6 servings, 1.5 hours to prepare
Preheat oven to 350 degrees


1/3 cup Adzuki bean sprouts

1/3 cup Mung bean sprouts

2 stalks fresh broccoli

1 lb fresh mushrooms

1 large onion

3 eggs

3 cups ricotta or cottage cheese

1 cup sour cream

3 cups raw wide, flat egg noodles

1/4 cup fine bread crumbs

1 cup grated sharp cheddar cheese

1/4 cup dry white wine

a pinch of salt and pepper

1 tablespoon butter

Chop and sauté the broccoli (stems and flowers), onion and mushrooms in butter, adding the sprouts when the broccoli becomes tender.  Salt and pepper lightly.  Remove from heat and toss with wine.

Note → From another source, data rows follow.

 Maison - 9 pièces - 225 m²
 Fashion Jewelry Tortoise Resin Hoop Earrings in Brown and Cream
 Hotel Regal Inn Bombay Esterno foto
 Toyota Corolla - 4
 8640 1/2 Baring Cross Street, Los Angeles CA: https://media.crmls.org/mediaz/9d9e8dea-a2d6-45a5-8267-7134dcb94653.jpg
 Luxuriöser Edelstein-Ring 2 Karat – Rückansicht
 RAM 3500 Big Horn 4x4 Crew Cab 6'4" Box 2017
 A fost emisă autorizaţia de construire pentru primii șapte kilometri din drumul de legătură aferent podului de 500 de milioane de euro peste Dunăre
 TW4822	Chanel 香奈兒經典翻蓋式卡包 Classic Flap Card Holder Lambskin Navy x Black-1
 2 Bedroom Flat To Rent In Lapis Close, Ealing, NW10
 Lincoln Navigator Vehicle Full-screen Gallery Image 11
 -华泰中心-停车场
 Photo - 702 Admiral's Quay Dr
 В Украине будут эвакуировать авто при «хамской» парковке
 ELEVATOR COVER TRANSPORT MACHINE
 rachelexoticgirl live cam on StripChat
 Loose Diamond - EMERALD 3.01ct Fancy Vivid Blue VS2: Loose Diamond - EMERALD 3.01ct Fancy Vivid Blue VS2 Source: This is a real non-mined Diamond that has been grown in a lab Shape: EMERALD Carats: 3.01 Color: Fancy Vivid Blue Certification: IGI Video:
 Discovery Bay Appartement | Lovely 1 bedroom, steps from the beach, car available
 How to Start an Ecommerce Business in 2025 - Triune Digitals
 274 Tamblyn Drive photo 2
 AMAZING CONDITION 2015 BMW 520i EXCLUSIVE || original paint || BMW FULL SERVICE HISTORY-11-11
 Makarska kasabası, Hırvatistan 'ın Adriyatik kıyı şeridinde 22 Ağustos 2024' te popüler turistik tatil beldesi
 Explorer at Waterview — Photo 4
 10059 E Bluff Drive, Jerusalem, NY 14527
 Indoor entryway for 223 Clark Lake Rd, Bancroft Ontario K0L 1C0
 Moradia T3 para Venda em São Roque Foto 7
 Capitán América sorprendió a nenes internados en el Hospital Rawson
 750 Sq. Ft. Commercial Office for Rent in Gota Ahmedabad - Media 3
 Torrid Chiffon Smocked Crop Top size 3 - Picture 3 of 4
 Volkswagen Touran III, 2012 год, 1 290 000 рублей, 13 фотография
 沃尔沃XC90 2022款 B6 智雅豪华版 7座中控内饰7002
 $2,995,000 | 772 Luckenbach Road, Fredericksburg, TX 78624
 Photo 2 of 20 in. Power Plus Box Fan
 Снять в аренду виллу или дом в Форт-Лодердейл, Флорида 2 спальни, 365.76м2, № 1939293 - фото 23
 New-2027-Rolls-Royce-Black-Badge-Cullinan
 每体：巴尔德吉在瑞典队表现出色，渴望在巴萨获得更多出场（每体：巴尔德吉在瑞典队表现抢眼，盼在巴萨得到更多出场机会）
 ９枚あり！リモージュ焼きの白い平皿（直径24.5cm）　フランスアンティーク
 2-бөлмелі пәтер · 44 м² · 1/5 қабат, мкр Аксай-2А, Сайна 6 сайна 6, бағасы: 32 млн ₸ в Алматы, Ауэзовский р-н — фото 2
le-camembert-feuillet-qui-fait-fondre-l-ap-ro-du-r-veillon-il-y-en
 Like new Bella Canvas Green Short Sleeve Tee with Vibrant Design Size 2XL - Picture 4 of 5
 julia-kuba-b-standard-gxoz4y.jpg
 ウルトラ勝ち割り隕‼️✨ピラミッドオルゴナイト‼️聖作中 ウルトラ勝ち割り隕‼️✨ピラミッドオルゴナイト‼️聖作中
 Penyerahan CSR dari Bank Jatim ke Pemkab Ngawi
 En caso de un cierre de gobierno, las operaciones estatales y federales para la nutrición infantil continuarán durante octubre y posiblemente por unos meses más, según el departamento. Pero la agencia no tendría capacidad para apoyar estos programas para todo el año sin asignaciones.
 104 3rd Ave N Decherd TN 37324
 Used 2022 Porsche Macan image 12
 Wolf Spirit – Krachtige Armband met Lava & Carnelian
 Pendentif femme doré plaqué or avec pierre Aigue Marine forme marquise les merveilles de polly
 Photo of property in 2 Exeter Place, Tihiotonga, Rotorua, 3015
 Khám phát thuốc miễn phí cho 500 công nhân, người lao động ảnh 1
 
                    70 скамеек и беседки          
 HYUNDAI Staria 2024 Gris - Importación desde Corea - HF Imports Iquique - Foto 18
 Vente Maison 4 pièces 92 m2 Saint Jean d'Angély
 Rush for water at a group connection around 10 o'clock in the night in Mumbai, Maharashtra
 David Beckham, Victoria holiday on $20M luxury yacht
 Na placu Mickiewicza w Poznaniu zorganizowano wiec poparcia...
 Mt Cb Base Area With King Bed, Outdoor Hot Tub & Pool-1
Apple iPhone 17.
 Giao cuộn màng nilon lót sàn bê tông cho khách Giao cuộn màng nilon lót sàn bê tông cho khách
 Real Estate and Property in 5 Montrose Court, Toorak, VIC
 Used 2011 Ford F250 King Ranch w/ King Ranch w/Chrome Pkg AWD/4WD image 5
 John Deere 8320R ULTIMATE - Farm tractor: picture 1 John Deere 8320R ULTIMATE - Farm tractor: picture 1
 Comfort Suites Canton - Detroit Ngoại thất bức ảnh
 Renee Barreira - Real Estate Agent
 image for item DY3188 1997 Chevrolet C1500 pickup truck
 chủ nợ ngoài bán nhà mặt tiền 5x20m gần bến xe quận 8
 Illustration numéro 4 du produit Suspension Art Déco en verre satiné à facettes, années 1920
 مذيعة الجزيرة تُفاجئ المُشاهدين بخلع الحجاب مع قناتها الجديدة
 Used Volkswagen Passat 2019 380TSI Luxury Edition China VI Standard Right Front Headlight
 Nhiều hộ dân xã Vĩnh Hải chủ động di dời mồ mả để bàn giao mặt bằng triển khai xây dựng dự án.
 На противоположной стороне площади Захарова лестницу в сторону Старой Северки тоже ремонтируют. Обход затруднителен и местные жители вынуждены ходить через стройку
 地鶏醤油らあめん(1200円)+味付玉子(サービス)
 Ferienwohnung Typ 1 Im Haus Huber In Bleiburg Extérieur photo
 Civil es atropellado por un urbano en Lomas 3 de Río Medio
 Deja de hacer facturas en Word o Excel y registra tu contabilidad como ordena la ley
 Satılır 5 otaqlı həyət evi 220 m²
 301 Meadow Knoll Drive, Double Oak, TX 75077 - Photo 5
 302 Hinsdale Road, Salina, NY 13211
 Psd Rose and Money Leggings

Beat eggs in a bowl.  Whisk in the ricotta and/or cottage cheese with the sour cream.

Boil the noodles in salted water until slightly underdone.  Drain and butter.

Add the vegetables and the noodles to the cheese mixture.  Stir in the bread crumbs and spread into a buttered 9x13" baking pan.  Top with more bread crumbs and 1 cup grated cheddar cheese.

Bake covered for 30 minutes and then uncovered for an additional 15 minutes.